Like the challenges that have come before – to agree to a ban of antipersonnel mines, to negotiate the mine ban treaty in a year, to accept deadlines for stockpile destruction and clearance, etc. – there is no guarantee of success. But we strongly believe that with enough hard work and determination, it can be done. And we are asking others to join us in expressing that same faith in our collective capacity.
Many states will have no problem finishing within a decade or even sooner, including all current States Parties with remaining stockpiles. All current mine-affected States Parties have original or extended legal clearance deadlines that fall before 2024, so they should already be planning for completion within the decade even if they have the legal right to seek more time. States are already moving toward integrating victim assistance into broader, more sustainable systems, even if some have a ways yet to go. Given the powerful stigma that already exists against the use of antipersonnel mines, it is plausible that we see no more use anywhere within a decade.
At the same time, we recognize that in some states, things will need to change before a 10-year target can be met, be they adapting methodologies, creating new funding strategies, or increasing national political support. On the other hand, barring prolonged armed conflict that limits access to mine-affected areas, there seems no reason why any state could not meet the 10 year mark if it fully embraces the goal.

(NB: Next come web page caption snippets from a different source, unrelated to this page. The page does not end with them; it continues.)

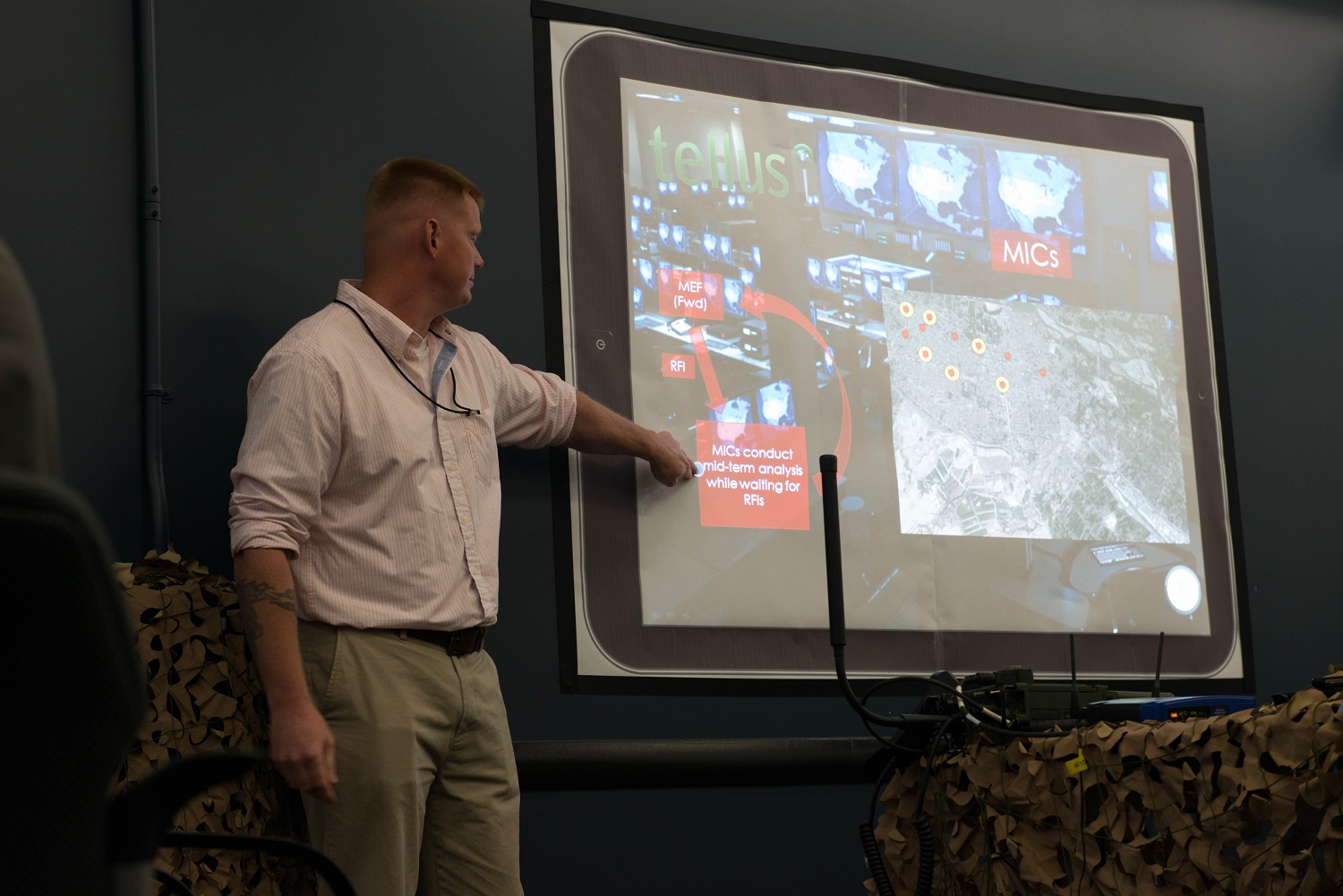 Staff Sgt. Joel Crenshaw, a cohort with the Accelerator team presents the new Tellus program to Brig. Gen. Michael Groen, the director of Marine Corps Intelligence during a presentation hosted by Mantech Spaces in Stafford, Va., May 29, 2015. 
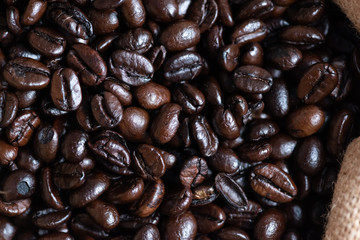 Roasted coffee beans texture, used as a background.Flat lay, top view, copy space.
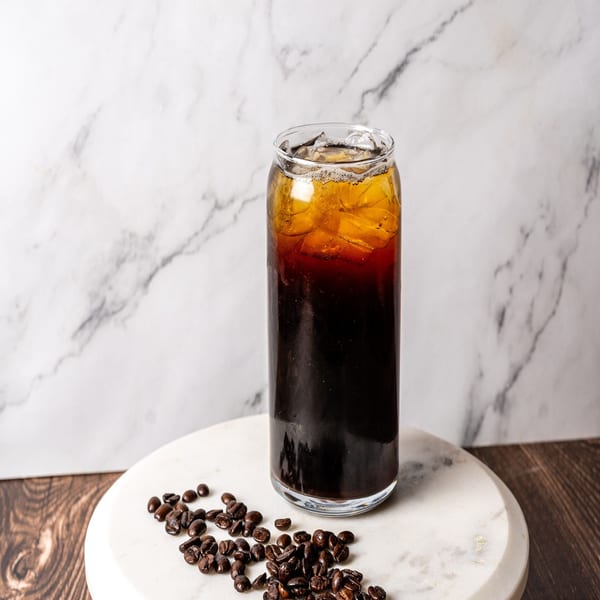 Iced coffee in a tall glass with coffee beans scattered on a marble surface.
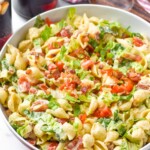 bowl of BLT Pasta Salad with two drinks sitting behind and fresh tomatoes in front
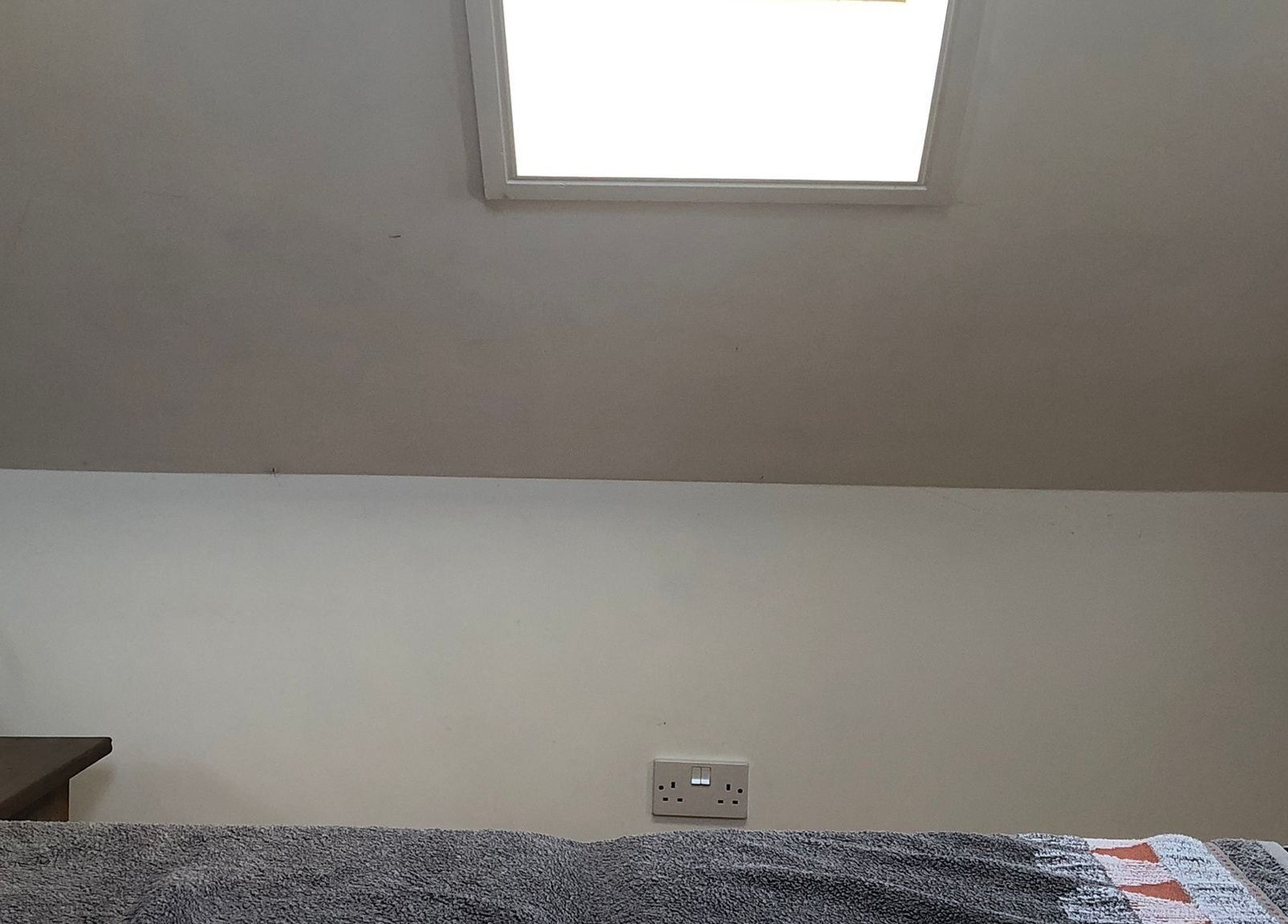 Serenity Massage room with skylight and soft linens in Grampound, England, GB.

Some states have already picked up the challenge and run with it. Mozambique, as President Designate of the Third Review Conference, was the first to suggest completion as a theme for the Conference. Strongly supported by the Netherlands and others, it put in its draft Maputo Action Plan that States Parties “strive to… complete implementation of their respective time-bound obligations under the Convention by 2025.” And Mozambique is doing its best to complete its own clearance program by the end of this year. Other states have told us they will indeed come to Maputo with a promise to complete remaining treaty obligations by a specific date.
On the other hand, there have been a few naysayers arguing that a 10-year goal is not feasible. Or that it will prevent getting more states to join the treaty. The logic of these arguments escapes me, but the lack of vision is even more difficult to understand. Why not aim as high as possible now, while international political and financial support for the treaty is still relatively strong, and our end goals are finally within sight? Why not encourage all current States Parties to work harder and better so all contaminated land can be released for safe use within 10 years? Why not try to ensure that within a decade states have a sustainable system in place to truly meet the needs and protect the rights of landmine victims? Why not try as hard as humanly possible to ensure there is no more use of antipersonnel mines by anyone, anywhere, in as little time as possible?
Fifteen years after the Mine Ban Treaty came into force, its future path is at a new juncture. Progress on the treaty may plod along, or even slowly decline, leaving communities alone to deal with the consequences of new use or past contamination. Or we can all commit to redouble our efforts in order to finish the job within an ambitious timeframe. We owe it to those who dreamed of a ban 20 years ago to see it through. And we owe it to the landmine survivors, to their families, and to their communities to make the promise of the treaty a reality for all, without waiting any longer.